Some other people decided they didn’t like a zero reference of 0.7745966692… volts RMS, and upped it to 1 Volt even, calling it 0dBV. Today our domestic hi-fi gear uses –10dBV as its 0vu reference point (around –8dBu), whereas most professional systems use +4dBu, and some gadgets give you the choice of both.
SCALING THE EUROPEAN PEAKS
By 1950, the dBm was a smash hit world-wide, but the VU meter was not so successful outside the USA. Those pesky Europeans were less interested in subjective comparisons of sound sources, and more interested in knowing exactly how signals were being handled by actual equipment. In Germany, Scandinavia, and England, engineers had been separately developing peak level meters with the principal aim of monitoring broadcast modulation. Nobody saw the benefit in using an RMS-type device to do this monitoring, since it is the program peaks which cause over-modulation. Engineers at the BBC were even unkind enough to refer to the VU meter as the ‘Virtually Useless’ meter.
Peak-reading meters were around before VU, but to this day there has never been a single standard scale, timing or reference level to which all Peak Program Meters (PPM) abide.

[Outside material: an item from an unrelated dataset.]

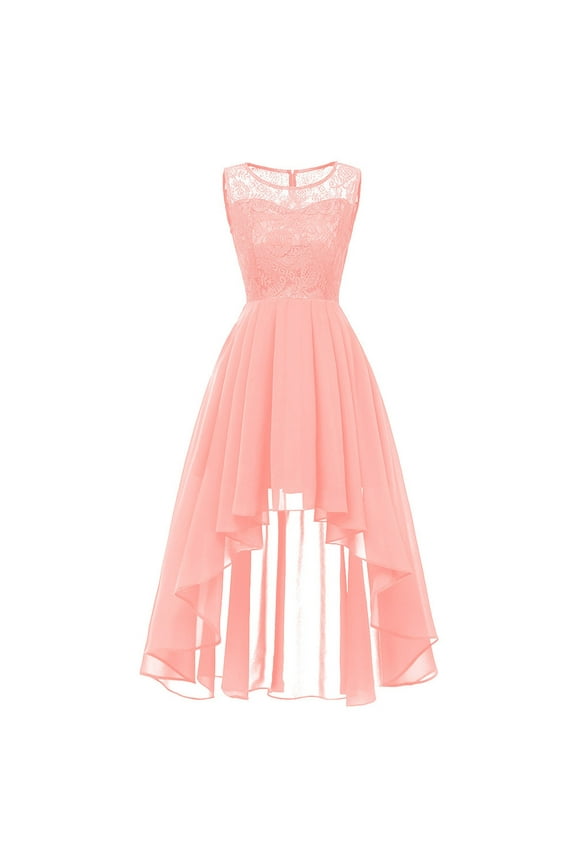 Women Gowns Floral Lace Hi-Lo Bridesmaid Dress Sleeveless Formal Wedding Maxi Dress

However, they do all calibrate to so many dBu, and to the naked eye all appear to sort of behave the same way-ish, with fast attack times (to catch the peaks) and usually a slow decay. In the days of analogue valves, overloading produced distortion that was not terribly harsh, and the feeling was if it lasted less than a few milliseconds nobody would notice. A milliamp meter could deflect to full scale in 1mS, so it became standard practice to slow down the attack slightly to remove these aurally meaningless peaks — the Brits chose 4mS and the Germans 10mS. With today’s digital equipment, hitting full-scale makes a loud bang, so quicker attack times can be useful.
PPM decay might last anything from 1.5 (EBU) to 2.5 (BBC) seconds, mainly to make things easy on the eye. In time, it became fashionable to include a peak-hold of between one and three seconds, which is helpful if you have to look away momentarily, and don’t want to miss what happened.
The front panel scales and alignments, however, are largely dreamt up. The BBC used a scale which was simply numbered one to seven, where four corresponded to 0dBu, and six to their maximum permitted signal of +8dBu. The EBU scale was marked in dB from –12 to +12dBu, with 0dBu marked as ‘Test’. There were many others — Diagram 2 provides a taste.
RE-BUILT FROM THE TOP-DOWN
Today with digital audio, it is very important to avoid 100% bit saturation of the digital converter. The kind of scale we’re most used to refers to that point as 0dBFS, or 0dB Full Scale, and proceeds downward in negative decibels. The point at which any analogue ins or outs on a digital device agree with 0dBu could be –24, –20, –18, –12dBFS, or any other figure that takes the fancy of the manufacturer who’s gear you are using. Again, there is no single universal standard. On stand-alone devices a dBFS meter is likely to be constructed using LEDs, as opposed to a moving needle, but on more complex equipment will probably occupy part of a graphical display.
Some meters now display both VU and PPM simultaneously, with VU expressed as a solid bar, and PPM as a moving dot above it. Such schemes were proposed as far back as 1981 by Michael Dorrough of Dorrough Electronics, who has since gone on to invent a new type of ballistic which he calls the ‘Loudness Meter’, or LUFS (Loudness Units Full Scale).
Why not create a new meter? If anything is clear from all of the above it is that anybody who ever created a meter scheme was really just interested in getting some visual assistance to see what was happening to the signal, or the equipment. There’s nothing intrinsically empirical about any of the PPM schemes; people just decided to do things a certain way. If it helps an audio engineer perform their job well, there is nothing to stop you, me, or Mrs Tech Bench meddling with timing and alignment, or applying new wacky algorithms to create any kind of meter we want.
Who knows — if we come up with a good one, it might catch on.